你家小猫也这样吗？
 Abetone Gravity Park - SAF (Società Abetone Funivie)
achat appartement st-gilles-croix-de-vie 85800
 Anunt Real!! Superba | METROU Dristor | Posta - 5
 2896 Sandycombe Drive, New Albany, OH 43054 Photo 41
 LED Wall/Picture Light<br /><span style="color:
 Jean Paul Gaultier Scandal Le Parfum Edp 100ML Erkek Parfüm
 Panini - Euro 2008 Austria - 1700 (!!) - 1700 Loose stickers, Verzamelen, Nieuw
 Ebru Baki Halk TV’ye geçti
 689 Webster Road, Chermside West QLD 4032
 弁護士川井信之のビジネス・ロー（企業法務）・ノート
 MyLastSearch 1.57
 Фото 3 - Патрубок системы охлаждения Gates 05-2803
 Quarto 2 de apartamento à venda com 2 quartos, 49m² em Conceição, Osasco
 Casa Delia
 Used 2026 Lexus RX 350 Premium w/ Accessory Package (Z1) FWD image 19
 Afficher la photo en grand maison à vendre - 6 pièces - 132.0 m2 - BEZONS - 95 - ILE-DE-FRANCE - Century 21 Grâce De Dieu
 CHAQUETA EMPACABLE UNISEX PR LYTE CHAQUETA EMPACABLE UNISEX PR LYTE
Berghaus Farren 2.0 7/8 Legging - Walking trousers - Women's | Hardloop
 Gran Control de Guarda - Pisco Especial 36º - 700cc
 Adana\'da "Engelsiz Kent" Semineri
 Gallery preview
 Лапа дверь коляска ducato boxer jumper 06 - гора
┄┄┄┄┄┄┄┄┄┄┄┄┄┄┄┄┄┄┄┄
◆ WHAT TO DO ◆
Give the lines from the one containing "Quarto 2 de" through the end of the entries again, exactly as written and with no other lines.

◆ EXERCISE RESPONSE ◆
 Quarto 2 de apartamento à venda com 2 quartos, 49m² em Conceição, Osasco
 Casa Delia
 Used 2026 Lexus RX 350 Premium w/ Accessory Package (Z1) FWD image 19
 Afficher la photo en grand maison à vendre - 6 pièces - 132.0 m2 - BEZONS - 95 - ILE-DE-FRANCE - Century 21 Grâce De Dieu
 CHAQUETA EMPACABLE UNISEX PR LYTE CHAQUETA EMPACABLE UNISEX PR LYTE
Berghaus Farren 2.0 7/8 Legging - Walking trousers - Women's | Hardloop
 Gran Control de Guarda - Pisco Especial 36º - 700cc
 Adana\'da "Engelsiz Kent" Semineri
 Gallery preview
 Лапа дверь коляска ducato boxer jumper 06 - гора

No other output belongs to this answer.